What is the best means of getting waypoints from my Garmin Colorado and Oregon into AutoCAD?

I've got AutoCAD version Land Desktop 2004, MapSource Version 6.15.7 and Terrain Navigator Pro version 7.5.

Thanks for any advice.

leszekp


kbellis

Thanks!

That worked fairly well.

Do you know if the coordinate for the point of insertion for the symbol in the dxf is the coordinate of the waypoint? When I compare the UTM values of the waypoint in 1) the Garmin unit, 2) MapSource and 3) AutoCAD, I noted the following:

1) E554150 N4912561 (Garmin)
2) 19 T 554152 4912561 (MapSource)
3) E554152 N4912561 (AutoCAD)

Why would there be  a 2 meter difference in the easting?

leszekp

Should be the waypoint coordinate; don't know why you'd get a 2-meter shift.

Boyd

Don't know if this could be it, but my understanding is that Garmin's map format only supports about 5 meter accuracy (32 bit coordinates IIRC), so 2 meters could be rounding error.

kbellis

Hey Boyd, thanks for the tip - can you point out further reading on this subject?

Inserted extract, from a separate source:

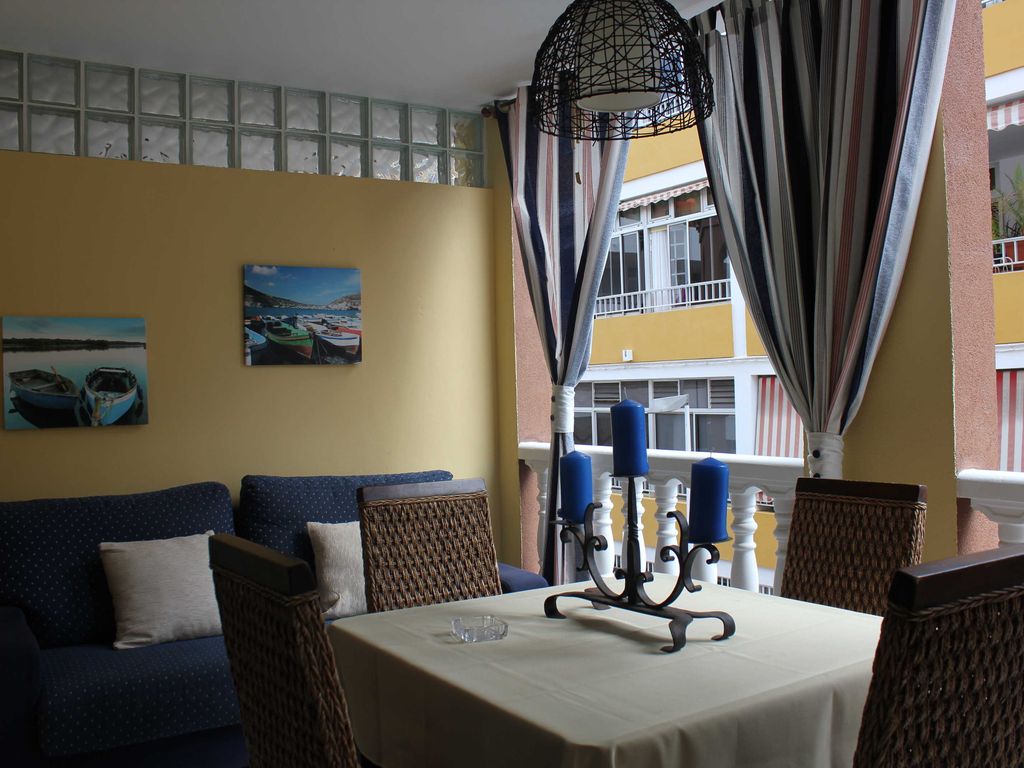 überdachte Terrasse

One of the things I've been playing around with is setting up various user grids wherein specific values for the central meridian are entered for each coordinate system (ddd mm.mmm); e.g., W68d30.000'. Invariably, the next time I'm looking at this field the last place has changed; i.e., 30.001' - as an example. But there are times, when it stays put at 30.000'.

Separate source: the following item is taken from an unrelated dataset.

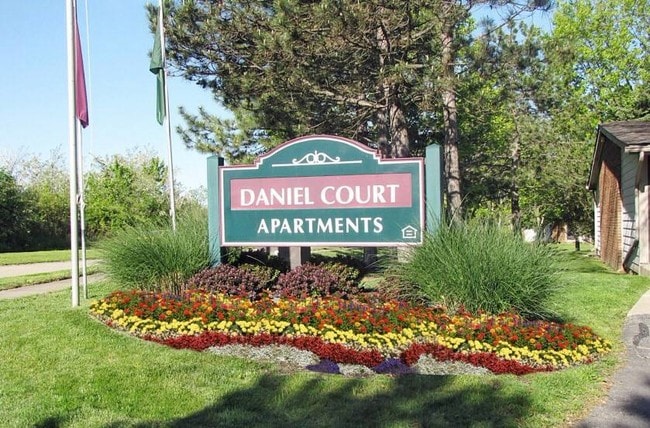 Building Photo - Daniel Court Apartments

Now mind you, I'm not trying to make a silk purse out of my CO or OR, but to just better understand their limitations. In conversations with another surveyor on the subject of setting up SPC on Garmins, limitations due to Garmin's rounding rules may have evolved somewhat from those rules used 10 years ago or more.

Boyd

Looks like it's 24 bits.... See page 23 here: http://cgpsmapper.com/download/GM8DocV2.pdf

QuoteWhen declaring the location of objects in the world, the highest precision available uses 24 bits of resolution, which resolves to an accuracy of about 2.5 meters. Consumer GPS units have a best-case accuracy of about 8 meters. The header attribute of Level0=24 means that objects declared at level 0 will be stored with 24-bit accuracy, or a location of +- 2.5m.

If you look at Garmin's handheld specs, they only claim accuracy of 10 meters. I have played around a lot "surveying" my own land, and this is probably a reasonable expectation over the long haul. Sometimes you do get better results, but probably not on a consistent basis.

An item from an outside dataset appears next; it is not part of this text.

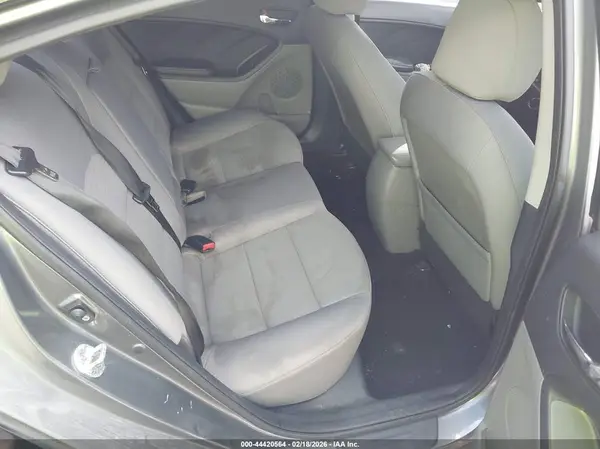 KNAFX4A60G5609955 2016 KIA FORTE - Image 8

So if you have a stake in the ground at a known location, this means every time you visit it, your position should be reported within a circle that has a 10m (33 foot) radius. However, it would be possible for two of those readings to be 20m (66 feet) apart and still be within spec (one reading could be 10m south of the stake and another 10m north of it).

So (IMO) an error of 2 meters is not going to matter very much if you're using data from consumer handheld GPS'es. That should be less than the "noise" in the data.